Bielefeld. Das Land Nordrhein-Westfalen hat den Beteiligungsprozess für einen zweiten Nationalpark gestartet. Dabei wird ein möglicher Nationalpark in der Egge aktuell politisch kontrovers diskutiert. Mit einer gemeinsamen Umfrage haben die Industrie- und Handelskammern (IHKs) Lippe zu Detmold und Ostwestfalen zu Bielefeld die potenziellen Auswirkungen eines Nationalparks in der Region abgefragt. 816 Unternehmerinnen und Unternehmer haben sich daran beteiligt. Darunter waren 171 Unternehmen aus dem Bereich Tourismus und 247 aus der Holz- und Forstwirtschaft. Die übrigen 398 Unternehmen kommen unter anderem aus den Bereichen Energie/Windenergie, Handel, Dienstleistungen und Landwirtschaft.

„Ein Nationalpark hat vielfältige ökologische, soziale und ökonomische Effekte, besonders in einem dicht besiedelten Bundesland wie unserem. Umso wichtiger ist eine sachliche Diskussion und die Berücksichtigung aller Aspekte“, sagt Petra Pigerl-Radtke, Hauptgeschäftsführerin der IHK Ostwestfalen, zur Debatte.

„Unsere Umfrage zeigt, dass das Vorhaben erhebliche Auswirkungen auf die regionale Wirtschaft hat. Im Tourismus gibt es viele Befürworterinnen und Befürworter, in der Holz- und Forstwirtschaft ist die Stimmung kritisch“, betont Svenja Jochens, Hauptgeschäftsführerin der IHK Lippe.

Für die Tourismusbranche ist besonders der Marketingeffekt eines Nationalparks für Ostwestfalen-Lippe von hoher Bedeutung – weniger die genaue Lage in der Region. Etwa 69 Prozent der Umfrageteilnehmenden aus dem Tourismussektor befürworten einen Nationalpark in der Egge. Deutschlandweit zeigen andere Regionen mit Nationalpark, dass sie touristisch profitieren. „Schöne Erlebnisse“ und eine „tiefgreifende Erholung in einer naturnahen Umgebung“ seien laut Umfrage sowohl für Übernachtungsgäste als auch für Tagesgäste wichtig. 19 Prozent der Tourismusakteurinnen und -akteure lehnen einen Nationalpark in der Egge jedoch ab, da auch für den Tourismus in einigen Bereichen mit Einschränkungen zu rechnen sei. Einige Teilnehmende weisen auch darauf hin, dass die touristische Infrastruktur weiter ertüchtigt werden muss.

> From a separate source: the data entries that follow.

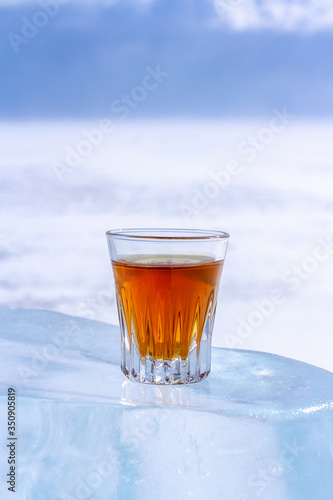 An orange alcoholic drink in a glass stands on an ice piece. Ice melted in the sun. Light blurred background. Copy space. Side view. Vertical.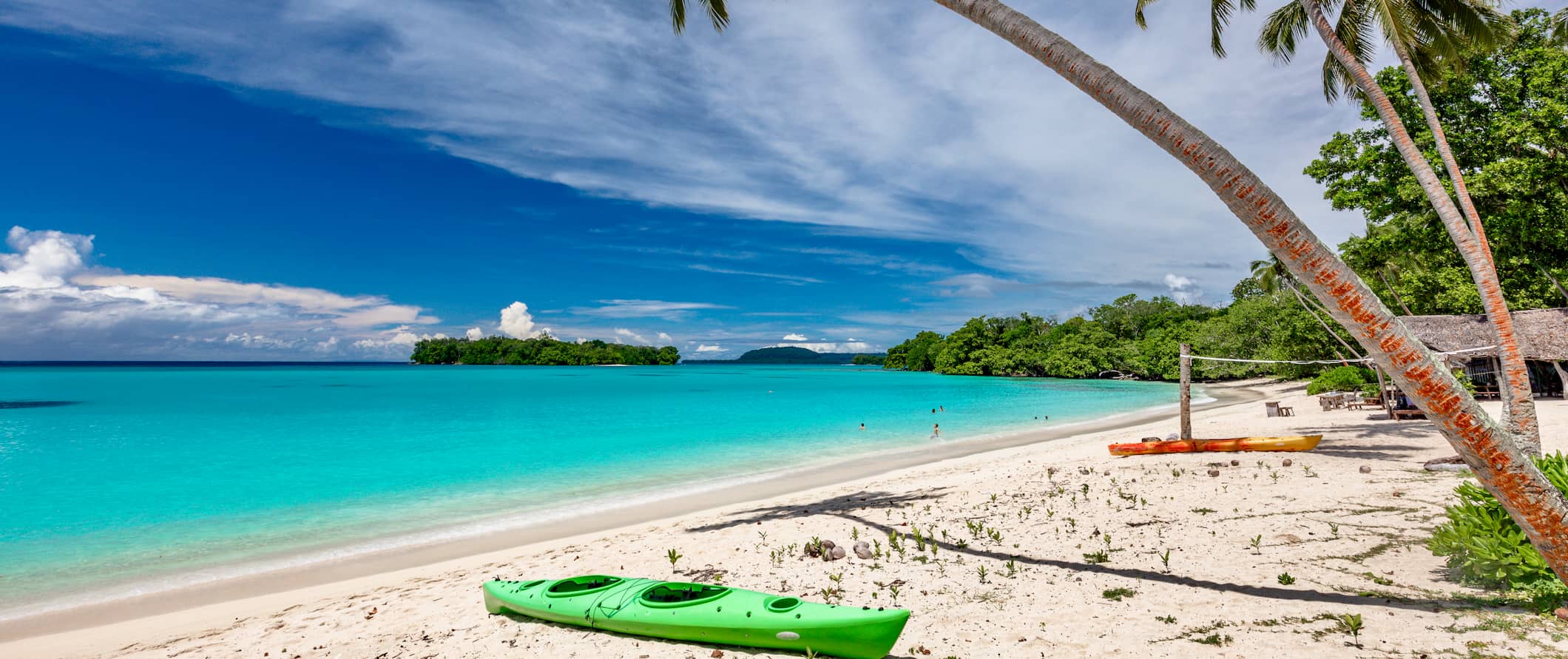 Praia de areia branca em Vanuatu com águas cristalinas e plantas tropicais emoldurando a vista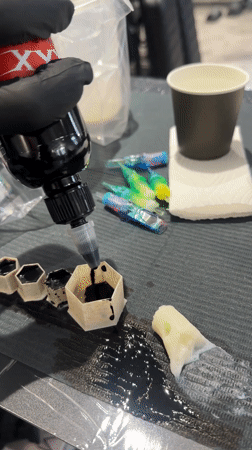 Person fills hexagonal containers with black ink in Moscow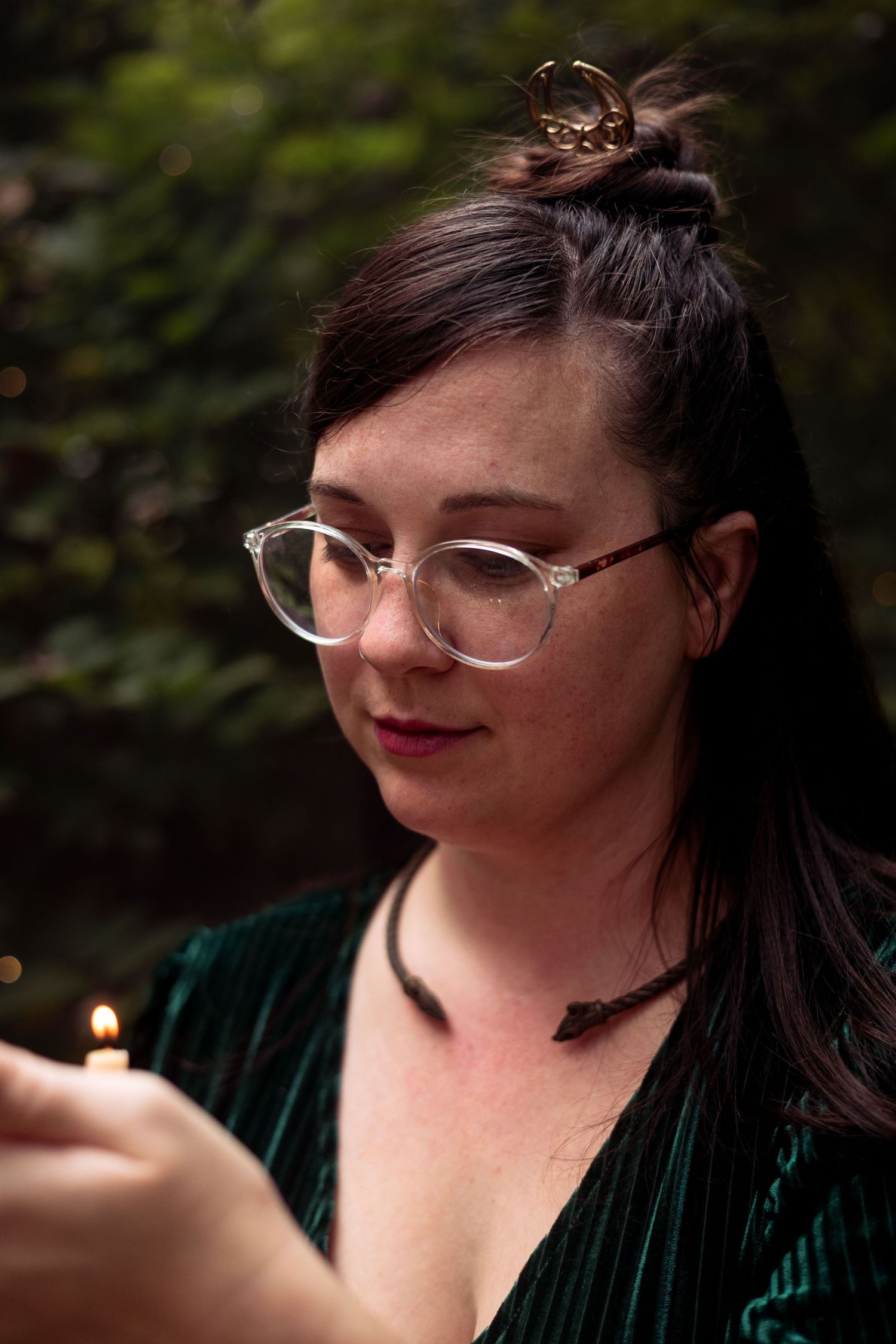 A woman in glasses blocks a candle flame from being blown out by the wind.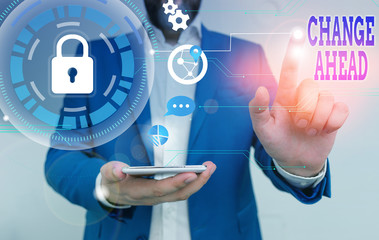 Conceptual hand writing showing Change Ahead. Concept meaning to replace with or exchange for another Become different Male human wear formal suit presenting using smart device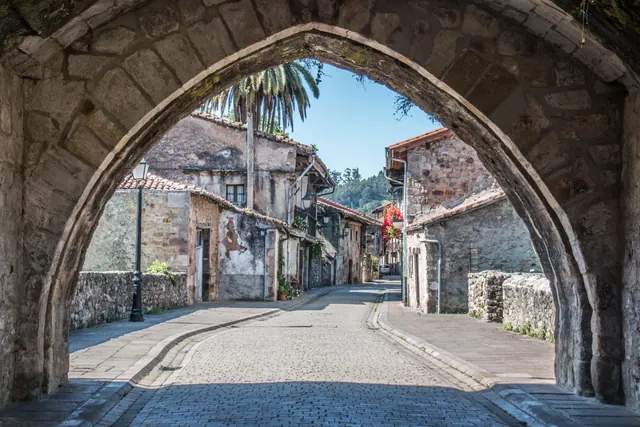 Arco de piedra enmarca una calle empedrada de un pueblo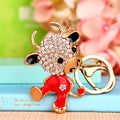 Jeweled Zodiac Cow Keychains in Pink and Red Pictured Colors view 7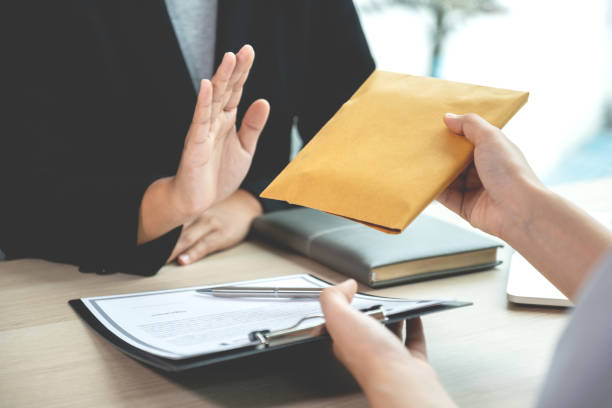 Government officials refusing money to take the bribe money from business man the concept of corruption and anti bribery Government officials refusing money to take the bribe money from business man the concept of corruption and anti bribery. corruption stock pictures, royalty-free photos & images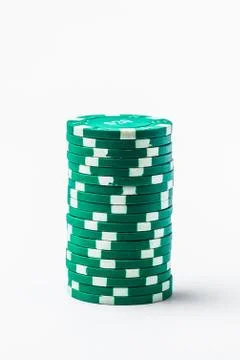 Stack of green poker chips on white background isolate Stock Photos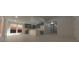 An open-concept living and dining area with modern finishes and ample natural light, perfect for entertaining at 1280 S Yosemite Ave, Pahrump, NV 89048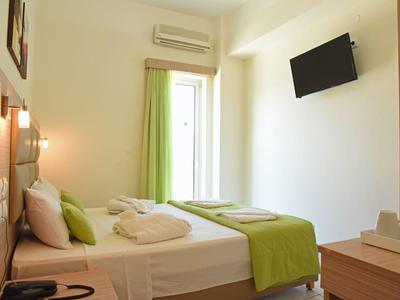 Habitación de hotel sencilla con cama, toques verdes y televisor de pared.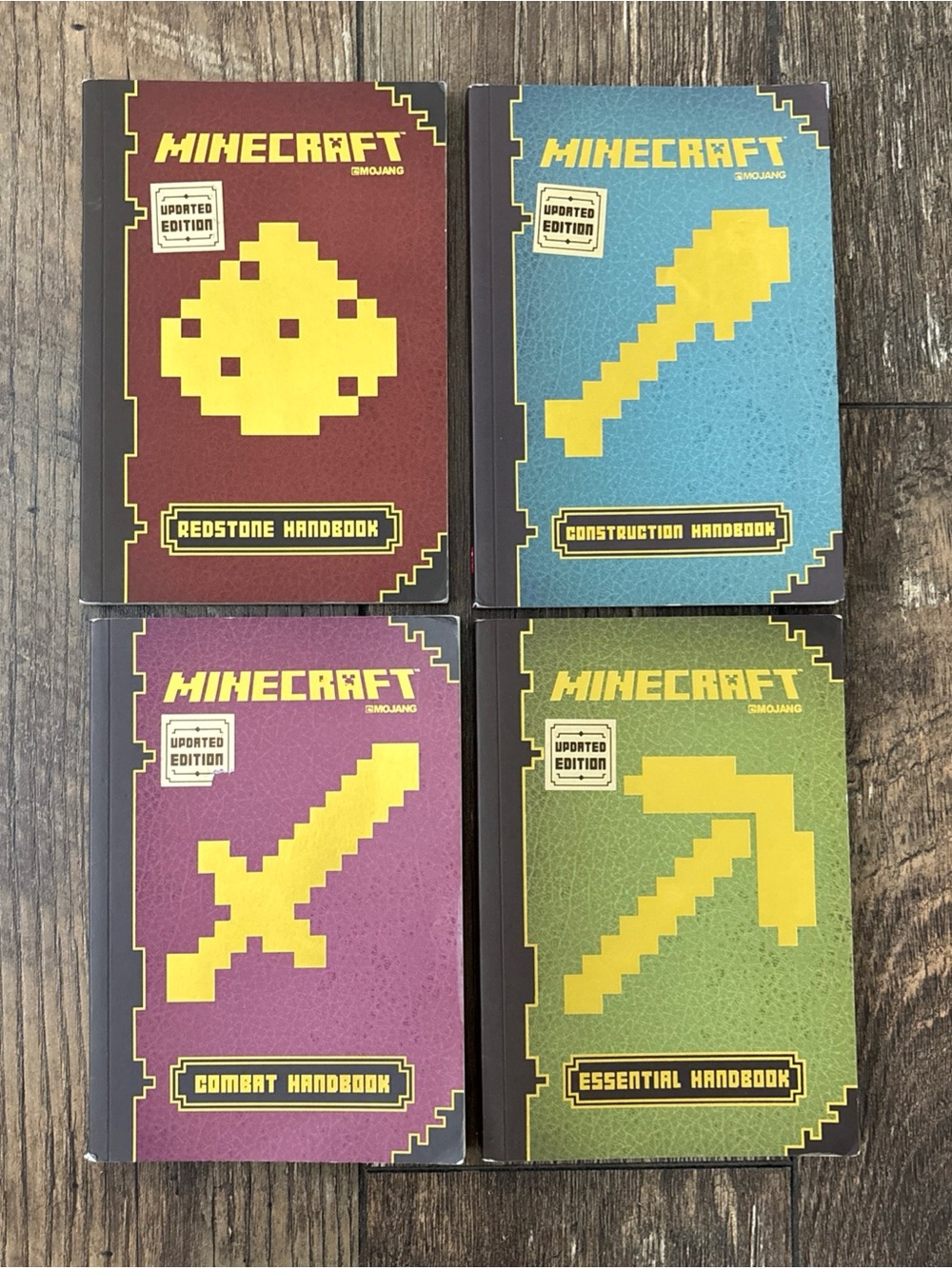 4 Minecraft Guide Handbook Books: Redstone, Essential, Combat, Construction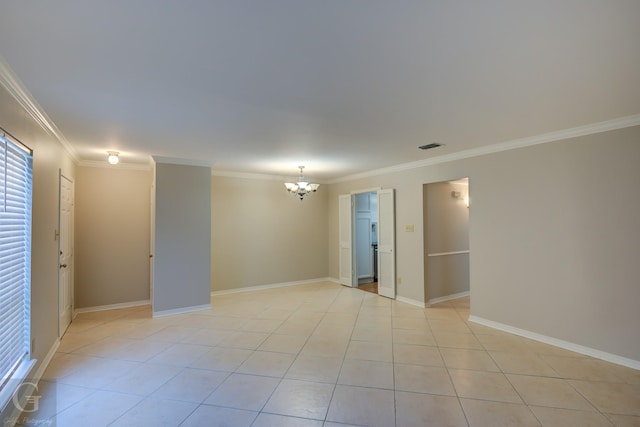 unfurnished room featuring light tile patterned floors, ornamental molding, baseboards, and an inviting chandelier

Deutlich kritischer sehen die Unternehmen der Holz- und Forstwirtschaft die Ausweisung eines Nationalparks. 77 Prozent dieser Gruppe halten die Idee eines Nationalparks in der Egge für schlecht. Die Branche befürchtet erhebliche wirtschaftliche Einbußen: Zwei Drittel aus Holz- und Forstwirtschaft geben an, dass ein möglicher Nationalpark den Ertrag senken würde. Ein großer Teil dieser Unternehmen sieht sogar seine Existenz bedroht und erwägt, den Standort zu verlagern. Die Branche argumentiert vor allem, die Bewirtschaftung erfolge bereits heute umweltverträglich. Insbesondere der Anbau des nachwachsenden Rohstoffes Holz vor Ort sei nachhaltig und umweltverträglich. Auch bestünde für viele Teile der Egge bereits ein sinnvoller Schutzstatus. So sei eine nachhaltige Holzwirtschaft sowohl für die Holznutzung als auch die CO2-Bindung vorteilhafter. 20 Prozent der Holz- und Forstwirte begrüßen allerdings auch einen Nationalpark in der Egge.

Nachdem jetzt die Umfrageergebnisse vorliegen, werden Fachgutachten zu den wirtschaftlichen Auswirkungen für Tourismus sowie Holz- und Forstwirtschaft ausgearbeitet. Beide Hauptgeschäftsführerinnen sind sich einig, dass das Thema komplex ist und die Meinungen in der Region auseinander gehen. „Das NRW-Umweltministerium sollte deshalb unbedingt auf die transparente Kommunikation aller Vor- und Nachteile achten und den Beteiligungsprozess sorgfältig moderieren“, so Pigerl-Radtke und Jochens.